Every entry must appear in the answer exactly as written.

BEGIN RECORDS FOR THE EXERCISE

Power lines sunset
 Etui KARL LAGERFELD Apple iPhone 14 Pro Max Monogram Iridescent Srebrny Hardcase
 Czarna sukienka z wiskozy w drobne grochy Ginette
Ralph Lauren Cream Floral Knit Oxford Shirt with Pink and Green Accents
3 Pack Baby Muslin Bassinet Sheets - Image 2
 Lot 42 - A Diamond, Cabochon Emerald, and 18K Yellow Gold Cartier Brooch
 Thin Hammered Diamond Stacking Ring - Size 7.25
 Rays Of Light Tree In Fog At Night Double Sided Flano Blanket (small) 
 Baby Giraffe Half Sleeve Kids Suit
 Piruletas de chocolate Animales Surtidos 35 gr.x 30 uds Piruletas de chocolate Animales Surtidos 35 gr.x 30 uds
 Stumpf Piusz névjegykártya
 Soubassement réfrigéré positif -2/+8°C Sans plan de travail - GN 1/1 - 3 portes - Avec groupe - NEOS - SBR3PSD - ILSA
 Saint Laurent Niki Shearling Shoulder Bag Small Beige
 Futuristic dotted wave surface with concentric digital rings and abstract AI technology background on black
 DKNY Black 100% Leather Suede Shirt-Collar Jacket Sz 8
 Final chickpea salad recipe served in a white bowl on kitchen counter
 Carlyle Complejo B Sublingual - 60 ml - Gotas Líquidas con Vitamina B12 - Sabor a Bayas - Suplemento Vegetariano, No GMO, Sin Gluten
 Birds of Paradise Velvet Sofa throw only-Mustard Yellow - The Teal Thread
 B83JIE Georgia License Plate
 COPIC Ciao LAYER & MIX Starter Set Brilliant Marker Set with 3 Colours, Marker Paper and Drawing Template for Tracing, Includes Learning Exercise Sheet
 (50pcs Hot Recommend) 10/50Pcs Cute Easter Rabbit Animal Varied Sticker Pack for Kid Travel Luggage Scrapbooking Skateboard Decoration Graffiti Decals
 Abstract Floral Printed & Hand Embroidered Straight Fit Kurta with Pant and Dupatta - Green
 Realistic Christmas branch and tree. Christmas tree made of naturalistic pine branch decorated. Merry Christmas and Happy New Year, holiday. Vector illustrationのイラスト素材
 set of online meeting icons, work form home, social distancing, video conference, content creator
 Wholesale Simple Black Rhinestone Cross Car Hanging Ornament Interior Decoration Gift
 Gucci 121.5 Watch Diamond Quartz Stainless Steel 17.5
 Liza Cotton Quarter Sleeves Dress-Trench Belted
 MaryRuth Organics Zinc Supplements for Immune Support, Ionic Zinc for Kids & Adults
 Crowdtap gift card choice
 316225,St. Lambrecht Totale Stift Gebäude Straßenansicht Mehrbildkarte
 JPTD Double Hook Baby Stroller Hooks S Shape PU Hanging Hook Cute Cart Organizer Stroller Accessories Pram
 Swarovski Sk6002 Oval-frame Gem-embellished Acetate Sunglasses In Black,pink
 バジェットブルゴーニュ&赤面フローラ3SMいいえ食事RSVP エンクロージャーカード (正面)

END RECORDS FOR THE EXERCISE

**OUTPUT FOR THIS EXERCISE**
Power lines sunset
 Etui KARL LAGERFELD Apple iPhone 14 Pro Max Monogram Iridescent Srebrny Hardcase
 Czarna sukienka z wiskozy w drobne grochy Ginette
Ralph Lauren Cream Floral Knit Oxford Shirt with Pink and Green Accents
3 Pack Baby Muslin Bassinet Sheets - Image 2
 Lot 42 - A Diamond, Cabochon Emerald, and 18K Yellow Gold Cartier Brooch
 Thin Hammered Diamond Stacking Ring - Size 7.25
 Rays Of Light Tree In Fog At Night Double Sided Flano Blanket (small) 
 Baby Giraffe Half Sleeve Kids Suit
 Piruletas de chocolate Animales Surtidos 35 gr.x 30 uds Piruletas de chocolate Animales Surtidos 35 gr.x 30 uds
 Stumpf Piusz névjegykártya
 Soubassement réfrigéré positif -2/+8°C Sans plan de travail - GN 1/1 - 3 portes - Avec groupe - NEOS - SBR3PSD - ILSA
 Saint Laurent Niki Shearling Shoulder Bag Small Beige
 Futuristic dotted wave surface with concentric digital rings and abstract AI technology background on black
 DKNY Black 100% Leather Suede Shirt-Collar Jacket Sz 8
 Final chickpea salad recipe served in a white bowl on kitchen counter
 Carlyle Complejo B Sublingual - 60 ml - Gotas Líquidas con Vitamina B12 - Sabor a Bayas - Suplemento Vegetariano, No GMO, Sin Gluten
 Birds of Paradise Velvet Sofa throw only-Mustard Yellow - The Teal Thread
 B83JIE Georgia License Plate
 COPIC Ciao LAYER & MIX Starter Set Brilliant Marker Set with 3 Colours, Marker Paper and Drawing Template for Tracing, Includes Learning Exercise Sheet
 (50pcs Hot Recommend) 10/50Pcs Cute Easter Rabbit Animal Varied Sticker Pack for Kid Travel Luggage Scrapbooking Skateboard Decoration Graffiti Decals
 Abstract Floral Printed & Hand Embroidered Straight Fit Kurta with Pant and Dupatta - Green
 Realistic Christmas branch and tree. Christmas tree made of naturalistic pine branch decorated. Merry Christmas and Happy New Year, holiday. Vector illustrationのイラスト素材
 set of online meeting icons, work form home, social distancing, video conference, content creator
 Wholesale Simple Black Rhinestone Cross Car Hanging Ornament Interior Decoration Gift
 Gucci 121.5 Watch Diamond Quartz Stainless Steel 17.5
 Liza Cotton Quarter Sleeves Dress-Trench Belted
 MaryRuth Organics Zinc Supplements for Immune Support, Ionic Zinc for Kids & Adults
 Crowdtap gift card choice
 316225,St. Lambrecht Totale Stift Gebäude Straßenansicht Mehrbildkarte
 JPTD Double Hook Baby Stroller Hooks S Shape PU Hanging Hook Cute Cart Organizer Stroller Accessories Pram
 Swarovski Sk6002 Oval-frame Gem-embellished Acetate Sunglasses In Black,pink
 バジェットブルゴーニュ&赤面フローラ3SMいいえ食事RSVP エンクロージャーカード (正面)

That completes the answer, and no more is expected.